La razón deviene de su pluma rústica y concreta.
“El obrero está perdido / y no encuentra su canción / Quizá sea porque el hombre/ ya violó su condición / pero yo ya sé cuál es la solución.” “Es el primer boogie woogie que se escribe en el país, con aires aborígenes”, señala.

–¿Y Blues de otoño qué es?
–Mi primer blues. A dos meses de la muerte de Pappo, estaba en el balcón de casa mirando cómo se deshojaba un árbol y se me ocurrió una frase: “Mis amigos se fueron en un bondi que va al cielo”. La completé pensando en mi edad... ya puedo contemplar y ver la vejez.

–¿La muerte de Pappo fue envejecer un poco más rápido?
–Me pegó fuerte. Juan, mi hijo, me dio la noticia: “Prendé la tele, murió Pappo”. Nunca pensé que Pappo podía morir. Lo sueño todo el tiempo hablándome. ¡Pensar que cuando hicimos Pappo’s Blues I teníamos 19 años! Me cayó una gran ficha: “Estás más viejo, Black. Te vas a morir también”.

–¿Cómo la vivió internamente, luego de tantas batallas musicales juntos?
–Profundo, porque conocí al Pappo tímido, divertido y cariñoso, no al personaje que se juntaba con gente pesada. Lo que más me entristece es que no pudimos cumplir el sueño de llegar a los 60, de freak y cobrando 100 mangos para que vieran a estos dos viejos tocando blues podrido.

–¿Le mostró a Spinetta la versión de Me gusta ese tajo?
–Fui a la casa y le dije: “Mirá lo que hizo tu baterista de Pescado Rabioso”. Y me respondió: “Es la mejor versión que escuché”. Después escuchó el disco y me deseó suerte como letrista.

–La pregunta del millón: ¿para cuándo el retorno de Pescado? Junto a Los Gatos, es la única banda grande de los ’70 que nunca regresó.
–Por suerte estamos todos vivos, pero depende de Luis... Yo lo entiendo. Es cierto que si se llega a juntar Pescado revienta todo, pero no podemos hacerlo sólo para saber cuánta plata juntamos. Pasa más por el lado del sentimiento y las ganas de tocar juntos. Si se llega a dar esa combinación, ocurrirá. Es lo que dijo el Flaco. Por ahora, tenemos nuestros propios caminos. Aunque nunca se sabe... A lo mejor una productora pone 2 palos verdes y tocamos (risas).

–La versión de Blues de la amenaza nocturna, de Manal, respeta el clima de época, incluso la voz ríspida de Diego Czainik se parece a la de Javier Martínez...
–Decidí hacerla con slide y un sonido más denso. Diego es fanático de Manal... Yo le decía que la cante con su voz, pero la había cantado tanto en pubs que se le pegaron los fraseos de Javier. Está hecha con mucho respeto.

–The Spider and the Fly, el rescate de Jagger-Richards, no tiene nada que ver con la lectura de los Stones que hacen las bandas de rock chabón.
–Como dijo una vez Charlie Watts, el verdadero rock and roll es el de Chuck Berry. Y yo, cuando tenía 17 años y tocaba covers de los Stones con Héctor Starc, sabía de dónde provenía la historia. Por eso suena pura.

–¿Cuánto le costó editar el disco...? Es el problema de la mayoría de los músicos de su generación.
–Hoy, en el rock todo pasa por el dinero. En los sellos te preguntan cuánta gente metés: si son 2 mil, la firma es segura; si son 200, te dicen: “Está buena tu música, te felicito... Pero gracias, paso”.

–¿Es la única razón?
–No.
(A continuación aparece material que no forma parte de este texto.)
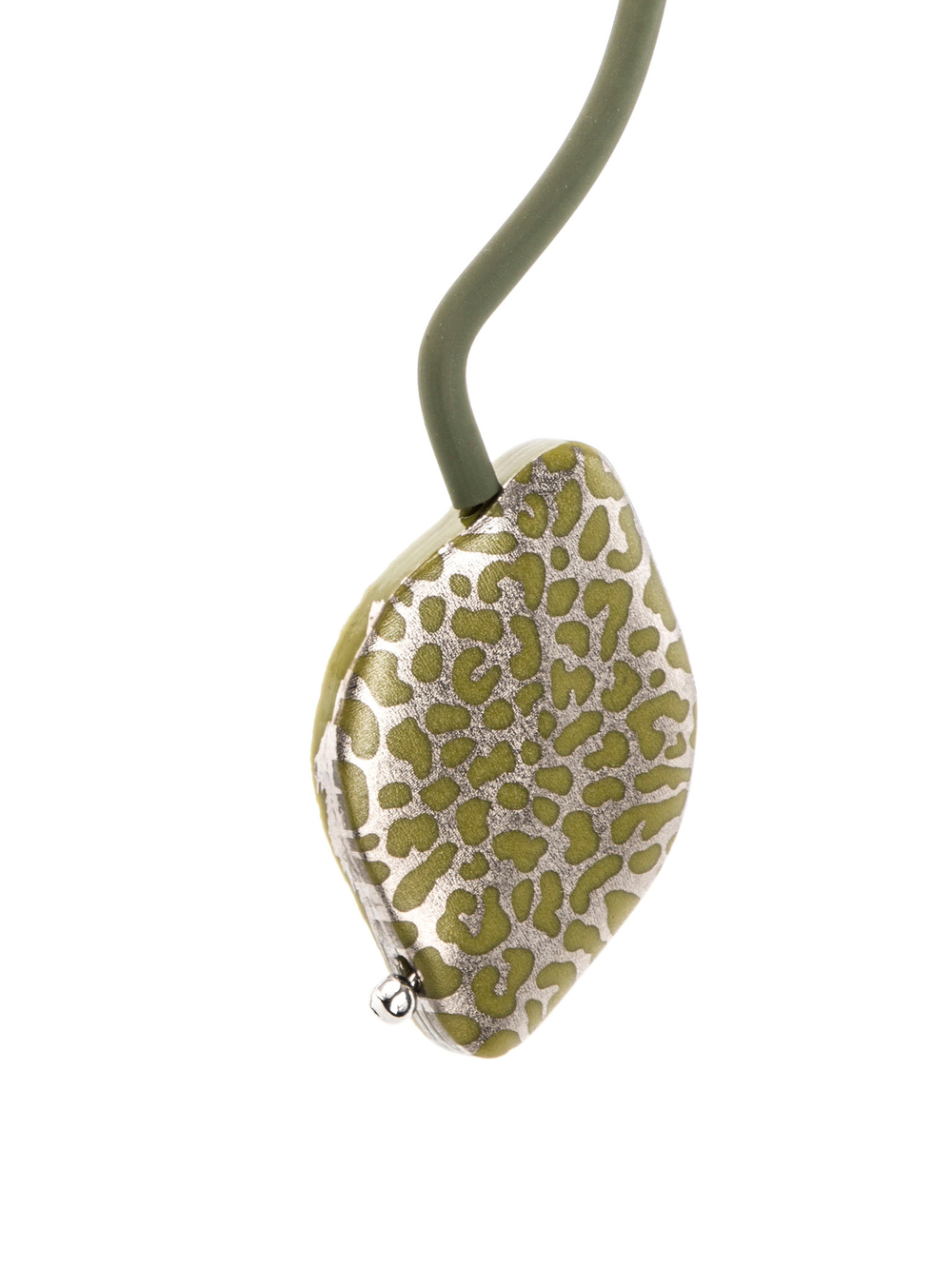 Колье Afrika Pelle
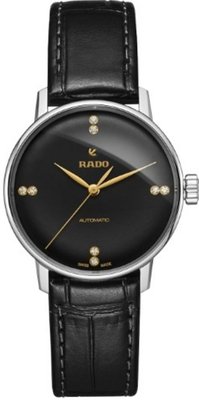 Rado 01.561.3862.4.171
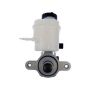 DORMAN BRAKES M630492 Brake Master Cylinder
Nosotros también tenemos culpa. No somos constantes. Yo no puedo pensar que si grabo un disco se me abren todas las puertas, ya pasaron muchos años. El músico de esa generación abandona rápido sus proyectos. Otro tema son los medios. Jamás escucharás algo de Emilio Del Guercio, Edelmiro Molinari o Litto Nebbia en esa radio que dice difundir nuestro rock.

–Además, la intervención de corporaciones que lucran con festivales en los cuales, si no tocás, parece que no existís. Es como arreglar un partido de fútbol antes que empiece. ¿Cómo lo tolera?
–Puteando en casa. Igual me siento bien porque toco lo que quiero, elijo el lugar donde tocar y también los músicos. Sé que no voy a llenar un River, pero me sigo haciendo un lugar. Pienso que en un país donde un pibe muere de hambre, el que se siente estrella es un idiota.